_Required action_
Leave out the pictures, and print exactly the lines from the one holding "Hallmark Disney Jack-o'-Lantern" through the last line of the material.

** Given data follows **

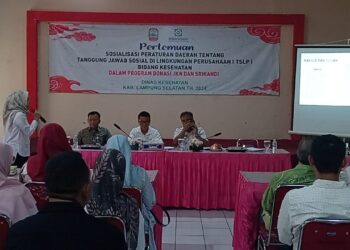 Dinkes Lamsel, tekankan pentingnya Perusahan untuk menyediakan fasilitas kesehatan bagi pekerja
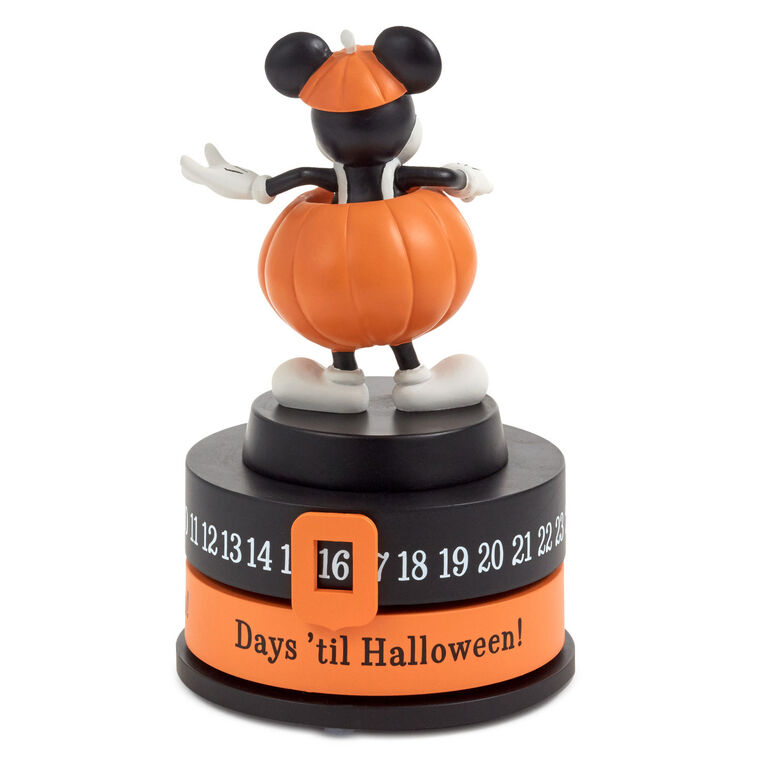 Hallmark Disney Jack-o'-Lantern Mickey Mouse Halloween Countdown Calendar Statue 7"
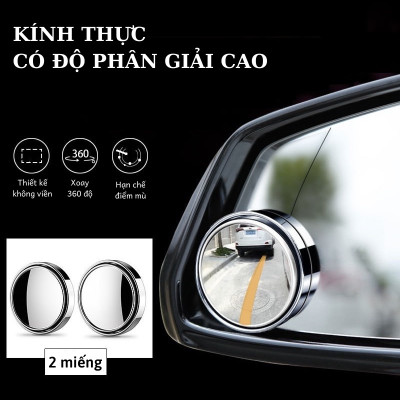Gương Cầu Lồi Mini Xoay 360 Độ | Gương Cầu Lồi Mini Dán Gương Xe Ô Tô Tăng Tầm Nhìn, Hạn Chế Điểm Mù, An Toàn Hơn Khi Tham Gia Giao Thông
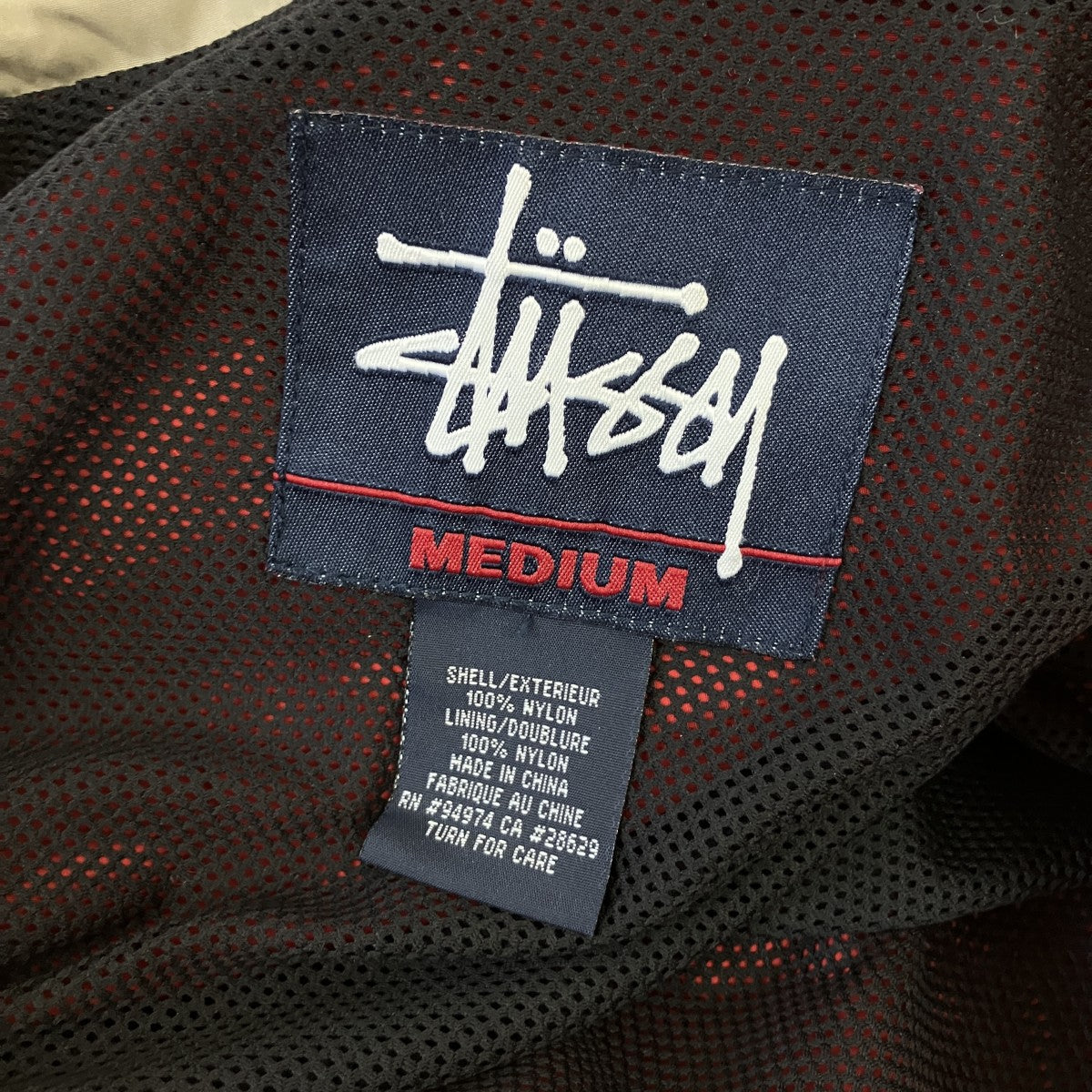 stussy 90S vintageジップパーカー 古着・中古-5枚目のアイテム画像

** End of Given data **

_Solution to this task_
 Hallmark Disney Jack-o'-Lantern Mickey Mouse Halloween Countdown Calendar Statue 7"
Gương Cầu Lồi Mini Xoay 360 Độ | Gương Cầu Lồi Mini Dán Gương Xe Ô Tô Tăng Tầm Nhìn, Hạn Chế Điểm Mù, An Toàn Hơn Khi Tham Gia Giao Thông
 stussy 90S vintageジップパーカー 古着・中古-5枚目のアイテム画像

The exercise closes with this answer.